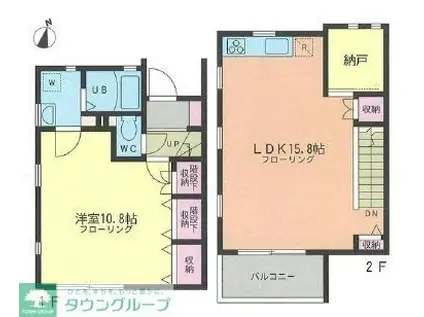 シャルムメゾン妙蓮寺(1SLDK/1階)の間取り写真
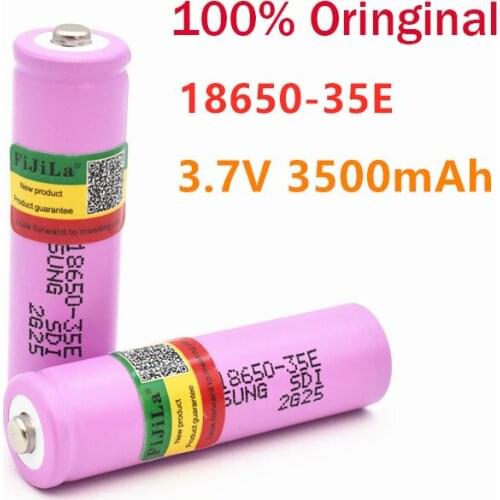 18650 original 35e tip 3500mah 20A discharge inr18650 35e 18650 lithium ion 3.7V rechargeable battery (NO PCB)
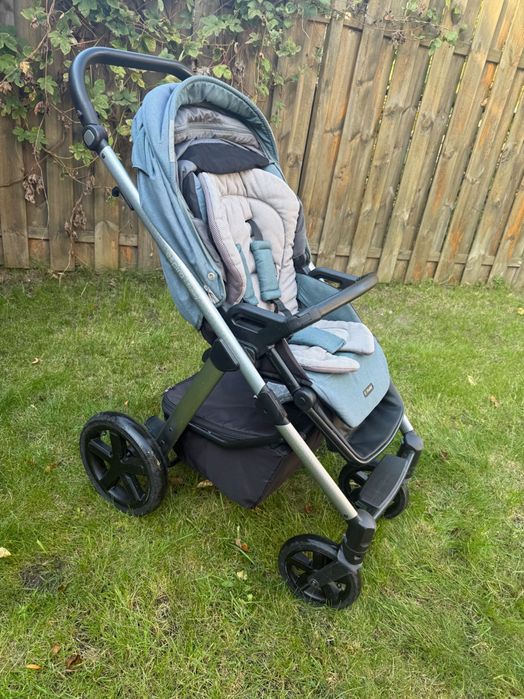 Wózek Espiro Husky XL Turkusowy 2w1 spacerówka i głęboki + akcesoria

Exercise » The reply must consist of the complete listing, reproduced exactly, with no images.

Worked solution »
 シャルムメゾン妙蓮寺(1SLDK/1階)の間取り写真
 18650 original 35e tip 3500mah 20A discharge inr18650 35e 18650 lithium ion 3.7V rechargeable battery (NO PCB)
 Wózek Espiro Husky XL Turkusowy 2w1 spacerówka i głęboki + akcesoria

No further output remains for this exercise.